There's a reason for this, says Mike Kane, the football coach at Olean High: "We haven't tried to make the sport easier. You still have to run and lift weights and block. Kids can play Nintendo football now, and they don't have to do those [other] things. They don't see the point."
The point, of course, is that much more than sports is at stake. If a boy would rather play football by himself on a TV screen than sweat with a team of his peers, will he ever be an active member of his community? DeCarli, Hinsdale's superintendent, asks himself questions like that all the time. "I'm looking down the road at the impact of this on the lives of young people here," he says. "I want them to be good citizens, and sports is a part of that."
Lonnie Williams is the football coach at Martin Luther King Jr. High in Chicago, which is a lot like being the head rabbi at the Vatican.

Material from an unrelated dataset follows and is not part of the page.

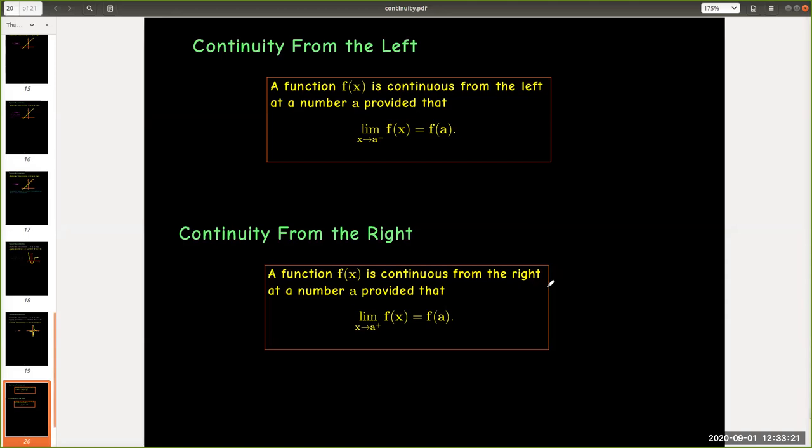We can talk about one-sided continuity. Again, a very simple definition. We replace the two-sided limit with a one-sided limit. So a function is continuous from the left at a number a, provided that the limit as x approaches a from the left of f(x) equals f(a).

King, after all, is one of the country's preeminent basketball powerhouses. Every year more than 100 of the school's 550 students try out for coach Landon Cox's hoops team, which travels to tournaments all over the Midwest.
Williams almost canceled the varsity football season this fall. Six players showed up for the first two weeks of practice in August, and there were only seven kids out for the team five days before the first game in September. Thanks to some last-second recruiting by players and coaches, King had 15 players on the sideline for its opener. Lately the varsity has been carrying 22, but only five of them played on the team last year. "I have to teach kids football like they're six years old," says Williams, who's in his 28th year at King. "They don't even know how to put their pants on."
It wasn't always like this. Over the past three decades more than 300 of Williams's players have received college football scholarships, and he keeps photos of nearly all of them on a wall in his office. In 1990 and '93 King qualified for the Illinois state playoffs, although no one really noticed. The basketball team went undefeated and won the state championship those years. "We never had a numbers problem before the '90s," says Williams. "From '72 until about '93 we had 40 to 50 kids out. We actually had a shortage of equipment. Now we have the equipment, but we don't have the kids."
More and more, sports at King are a hoops-or-bust proposition. If kids don't make the basketball team, Williams says, they go directly to the streets. "It's like a disease," he says. "Everybody thinks he can be like Michael Jordan, and he can't. When kids don't make the basketball team, they just quit [sports] altogether. Two of my top players were just released by the basketball team this year. They'll be Division I football players, but I had to go way out of my way just to recruit these guys."